The Shafi'is extend the same ruling by analogy to a container which is licked by swine. The Hanafis, however, do not allow this Hadith in the first place.[57. Muslim, Sahih Muslim, p. 41, Hadith no. 119; Ibn Hazm, Ihkam, VII, 54-55; Abu Zahrah, Usul, p.195-196. Zuhayr, Usul, IV, p. 44.]
c) 'Analogy of the Inferior' (qiyas al-adna). The effective cause in this form of qiyas is less clearly effective in the new case than the original case. Hence it is not quite so obvious whether the new case falls under the same ruling which applies to the original case. For example, the rules of riba, prohibit the exchange of wheat and of other specified commodities unless the two amounts are equal and delivery is immediate. By analogy this rule is extended to apples, since both wheat and apples are edible (according to Shafi'i) and measurable (according to Hanafi) jurists. But the `illah of this qiyas is weaker in regard to apples which, unlike wheat, are not a staple food. [57. Muslim, Sahih Muslim, p. 41, Hadith no. 119; Ibn Hazm, Ihkam, VII, 54-55; Abu Zahrah, Usul, p.195-196. Zuhayr, Usul, IV, p. 44.]
This type of qiyas is unanimously accepted as qiyas proper, but, as earlier stated, the Hanafis and some Zahiris consider the first two varieties to fall within the meaning of the text. It would appear that the Hanafis apply the term 'qiyas' only to that type of deduction which involves a measure of ijtihad. The first two varieties are too direct for the Hanafis to be considered as instances of qiyas.[58. Zuhayr, Usul, IV, 44-45; Nour, 'Qiyas', 24-45.]
Qiyas has been further divided into two types, namely 'obvious analogy' (qiyas jali) and `hidden analogy' (qiyas khafi). This is mainly a Hanafi division. In the former, the equation between the asl and far` is obvious and the discrepancy between them is removed by clear evidence. An example of this is the equation the ulema have drawn between the male and the female slave with regard to the rules of manumission. Thus if two person, jointly own a slave and one of them sets the slave free to the extent of his own share, it is the duty of the Imam to pay the other part-owner his share and release the slave. This ruling is explicit regarding the male slave, but by an `obvious analogy' the same rule is applied to the female slave. The discrepancy of gender in this case is of no consequence in regard to their manumission.[59. Shawkani, Irshad, 222; Ibn Qayyim, I'lam, I, 178; Zuhayr, Usul, IV, 45.]

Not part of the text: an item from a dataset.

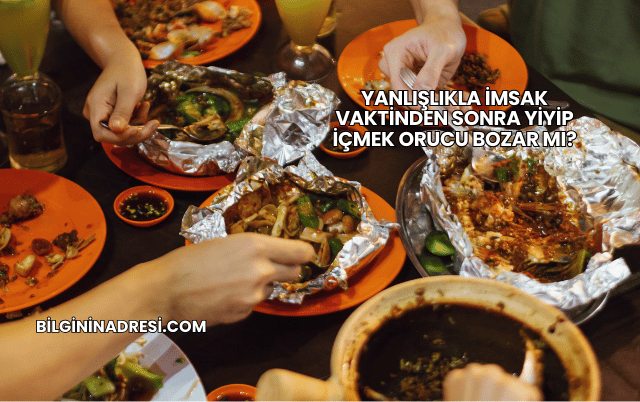Yanlışlıkla İmsak Vaktinden Sonra Yiyip İçmek Orucu Bozar mı?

The 'hidden analogy' (qiyas khafi) differs from the 'obvious' variety in that the removal of discrepancy between the asl and the far` is by means of a probability (zann). Shawkani illustrates this with a reference to the two varieties of wine, namely nabidh, and khamr. The former is obtained from dates and the latter from grapes. The rule of prohibition is analogically extended to nabidh despite some discrepancy that might exist between the two.[60. Shawkani, Irshad, 222; Ibn Qayyim, I'lam, I, 178; Zuhayr, Usul, IV, 45.] Another example of qiyas khafi is the extension, by the majority of ulema (excepting the Hanafis), of the prescribed penalty of zina to sodomy, despite a measure of discrepancy that is known to exist between the two cases. And finally, the foregoing analysis would suggest that qiyas khafi and qiyas al-adna are substantially concurrent.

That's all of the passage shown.